The Life of the Synagogue

B’nai Jehudah, Kansas City, MO

Sanctuary interior, photograph
The Temple, Congregation B’nai Jehudah
Henry McGrew Printing, Inc., Kansas City, MO

In the decades following World War II, the synagogue underwent dramatic changes in its form and appearance. Most notably in America, where the largest number of synagogues was built, Modernism became the style of choice. Expressive Modernism, which favored varied shapes, curved forms, and often soaring spaces, began with the work of German-Jewish refugee Eric Mendelsohn (1887–1953) in the early 1950s and became widespread by the 1960s. New forms and materials created an entirely new look for Jewish houses of worship. In no place is this clearer than in the former sanctuary of B’nai Jehudah in Kansas City, Missouri, designed by the architectural firm of Kivett and Myers. The fourth home of the congregation, it is striking for its exterior profile and massing and its combination of natural and industrial forms to create an appearance rooted in both primeval nature and futuristic design.

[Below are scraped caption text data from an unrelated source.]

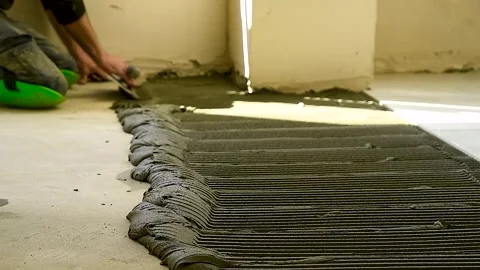 Worker applies cement adhesive to the floor for laying floor tiles. Stock Footage 310052674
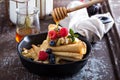 Thin pancakes with apples and fresh berry Royalty Free Stock Photo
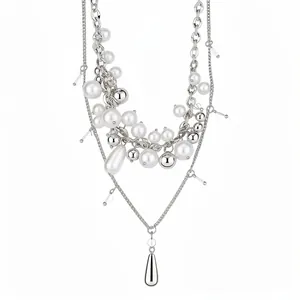 Elegant French multi-layer pearl necklace with silver beads and chains on white background.
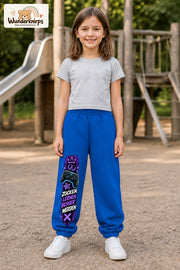 Mädchen trägt blaue Jogginghose mit Zocken Lernen Controller-Print, von vorn auf dem Spielplatz.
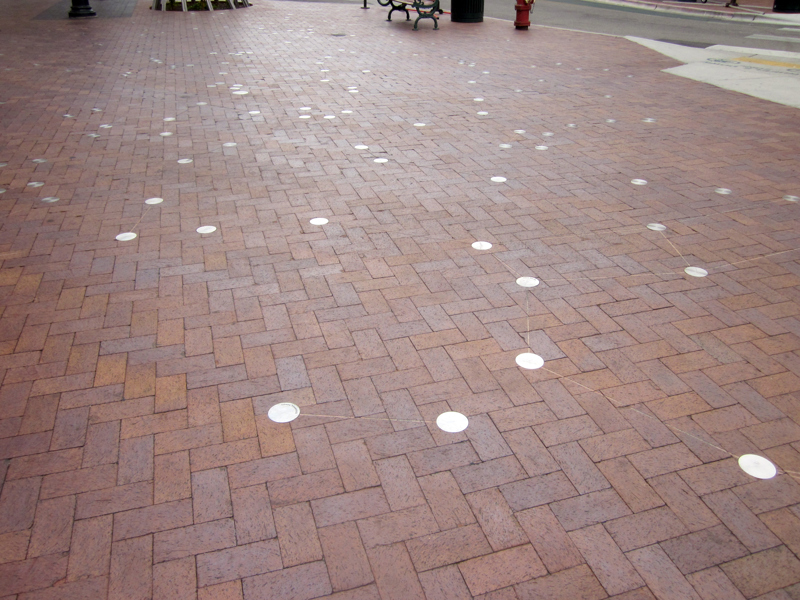 A collection of silver medallions inlaid into a cobble brick walkway. Lines are cut shallowly into the brick, connecting the medallions to form constellations.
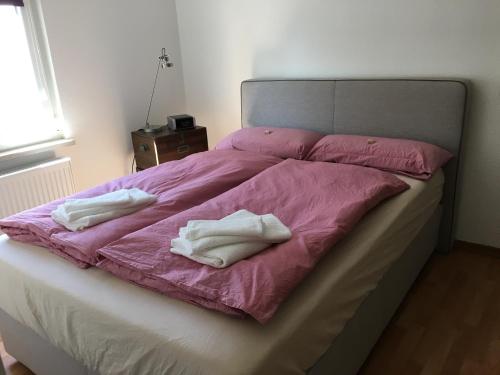 - un lit avec 2 serviettes blanches dans l'établissement Ferienwohnung über dem Ilmpark, à Weimar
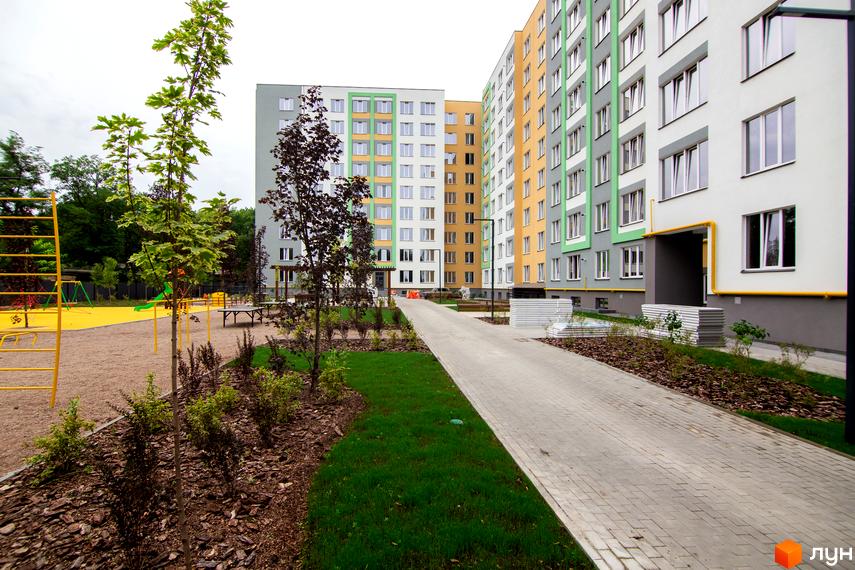 Житловий комплекс 3V Volkova. Зовнішній вигляд будівель з різнокольоровими фасадами та облаштована прибудинкова територія з дитячим майданчиком та доріжками.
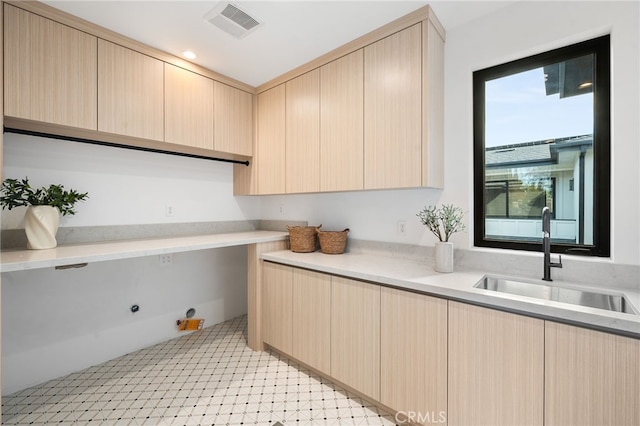 laundry room featuring visible vents, a sink, light floors, and cabinet space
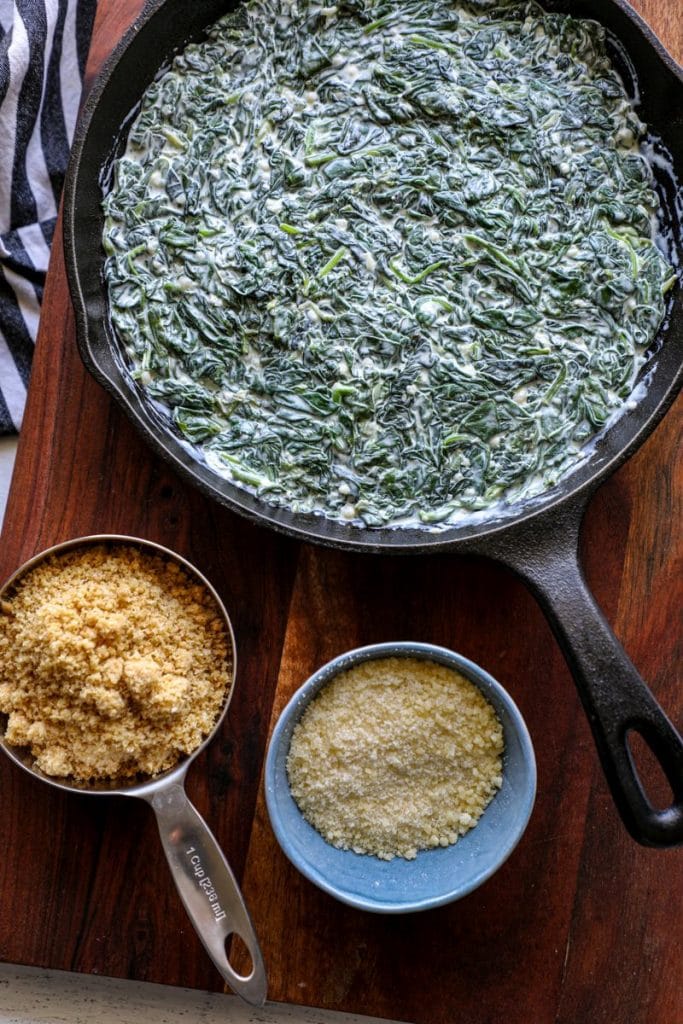 Creamed spinach prepped in a cast iron skillet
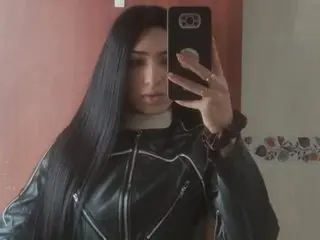 VanessaGoldXVIP poses for a mirror selfie wearing a black leather jacket and a white top, letting her long dark hair hang down over her shoulders.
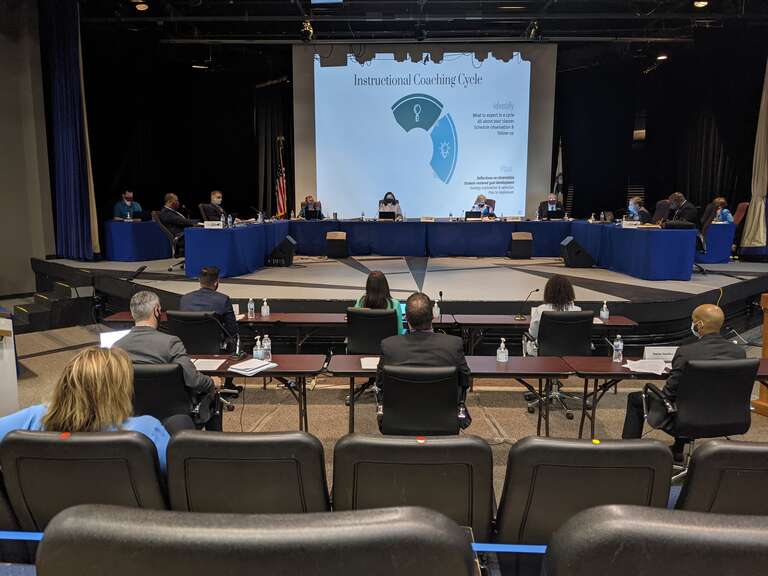 The Township High School District 211 Board of Education receives a presentation on Curriculum Development and Professional Learning during its May 13, 2021 meeting at Hoffman Estates High School. Sitting at the long table on the stage, from left to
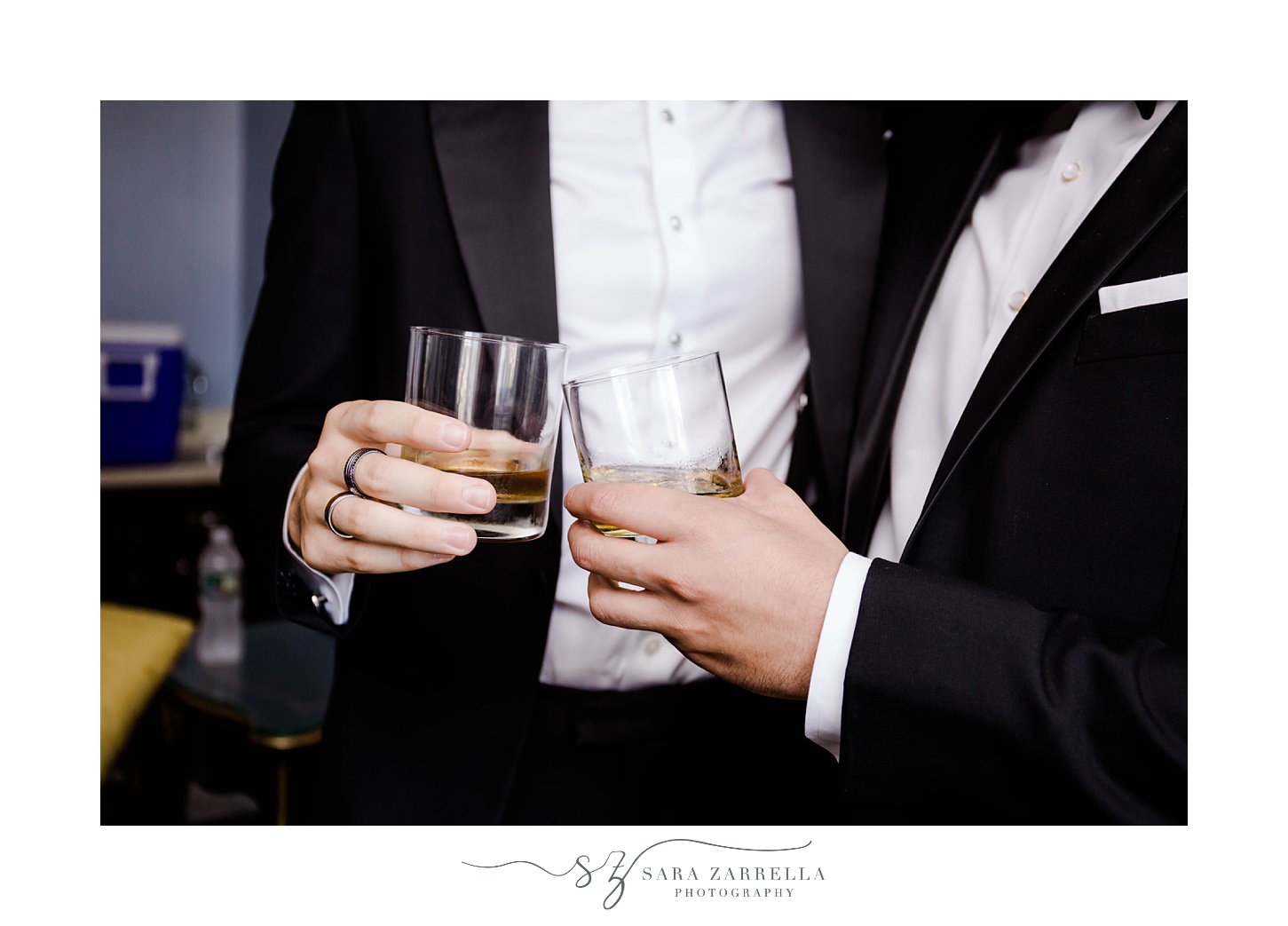 groom toasts drink with groomsman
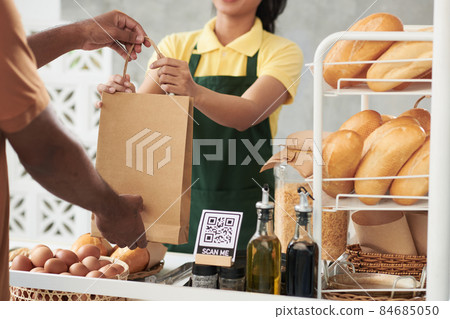 Bakery Worker Giving Package to Courier Bakery Worker Giving Package to Courier 84685050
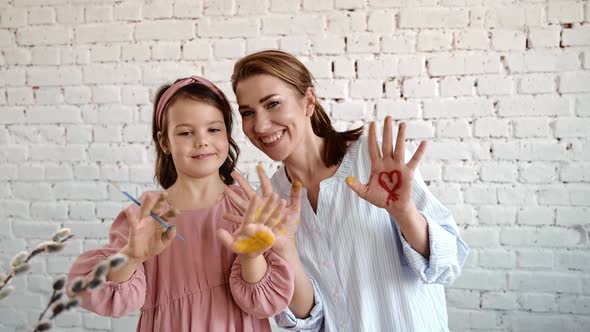 Young Mother and Brunette Daughter Overjoyed Smiling and Painting Palms with Paint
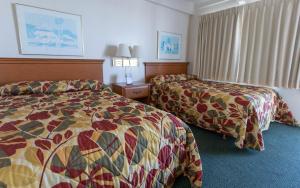 大洋城Fish Tales Boardwalk Inn & Ocean Mecca Motel的酒店客房设有两张床和窗户。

From the outside, the synagogue had a striking style dominated by a prominent, asymmetrical roof that combines multiple materials with the opposition of straight edges and curves, resulting in a complete departure from traditional synagogue architecture. The inside, seen here in a postcard view, is a vast open space that seems to spring upward in a swirl of movement. The interior arrangement is quite simple, with a massive center support pole that also serves as the ark. Curtains draped around the low rear sections of the sanctuary can be opened to reveal expanded seating. There is a central plan set beneath a dome of sorts, but the bimah is pushed to the edge, around the center pole. On the bimah is a large bronze menorah, an eternal light, and the ark itself, all designed by local artist Norman Brunelli.

Founded in 1870, Reform Congregation B’nai Jehudah is the oldest Jewish congregation in the Kansas City metropolitan area. When the synagogue was completed in 1969, it was deemed a modern landmark. Nonetheless, as a sign of changing tastes and shifting Jewish settlement patterns, the building was demolished after the congregation relocated to suburban Overland Park in 2000.